[Data to use — start]

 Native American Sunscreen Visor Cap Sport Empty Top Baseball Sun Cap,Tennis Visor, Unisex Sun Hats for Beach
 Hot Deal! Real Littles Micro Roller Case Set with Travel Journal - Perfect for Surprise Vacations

[Data to use — finish]
[Data to use — start]

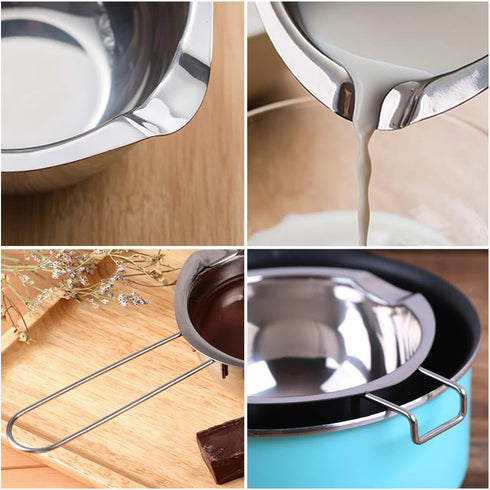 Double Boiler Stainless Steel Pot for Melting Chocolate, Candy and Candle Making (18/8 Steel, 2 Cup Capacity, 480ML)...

[Data to use — finish]
[Data to use — start]

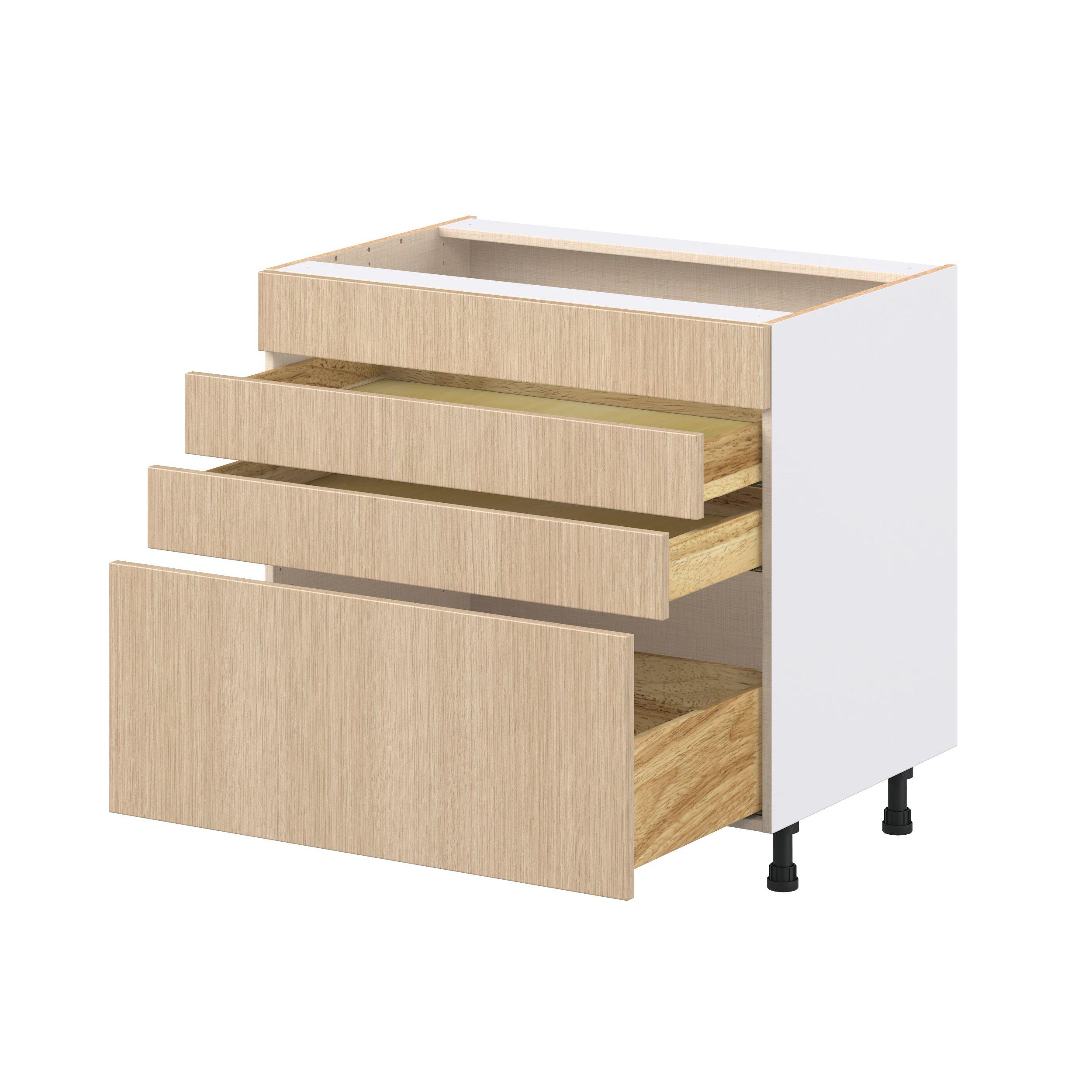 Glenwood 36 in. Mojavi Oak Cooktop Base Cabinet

[Data to use — finish]

◆ Task objective ◆
Repeat word for word the lines above that run from the line containing "Native American Sunscreen" through the line containing "Hot Deal! Real", both ends included, and nothing else.

◆ Answer area ◆
 Native American Sunscreen Visor Cap Sport Empty Top Baseball Sun Cap,Tennis Visor, Unisex Sun Hats for Beach
 Hot Deal! Real Littles Micro Roller Case Set with Travel Journal - Perfect for Surprise Vacations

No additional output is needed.